The Export-Import Bank and the Small Industries Development Bank of India has been allowed to borrow overseas from recognised lenders.
The RBI had indicated in its December monetary policy meeting that it could consider easing overseas borrowing rules. The new framework will come into effect immediately.
The previous four-tier structure has been replaced by two specific channels: dollar- and rupee-denominated ECBs.
Earlier, there was a distinction between foreign currency ECBs with a minimum average maturity period of three to five years and 10 years. Both these routes have been subsumed into foreign currency-denominated ECBs.
Indian rupee-denominated overseas borrowings with similar sets of maturities have been combined into a single rupee- denominated ECBs.
- The RBI kept minimum average maturity period unchanged at three years for all ECBs, irrespective of the amount borrowed. But if a manufacturer raises overseas debt of up to $50 million in a financial year, the minimum average maturity period would be one year.
- Any ECBs raised by the foreign equity holder (of a domestic company for example) which are utilised for specific purposes will have a minimum average maturity of five years.

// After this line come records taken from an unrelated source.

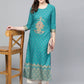 Anubhutee Peacock Blue Kurta Set with Golden Traditional Motifs - Swadesiicart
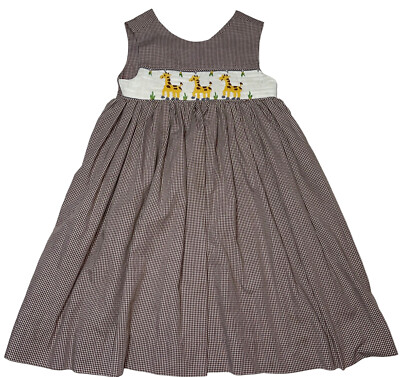 brown gingham smocked dress Galuh Smock Dress in Mini Brown Gingham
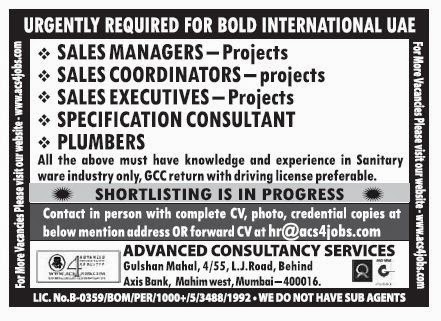 Urgent Job Requirements for International Company in UAE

- The RBI kept the borrowing limit under the automatic route unchanged at $750 per financial year but replaced the sector-wise limits.
- The all-in-cost ceiling has been retained at 450 basis points over Libor in case of foreign-currency borrowings, and “over the prevailing yield of the government of India securities of corresponding maturity”.
The common negative list of end-uses for which ECBs cannot be raised or utilised remains unchanged. An eligible borrower cannot raise ECBs for real-estate activities, capital market investments, equity investments, on-lending to entities, and even working capital or general corporate activities unless the funds are raised specifically by the foreign equity holders of the resident borrower.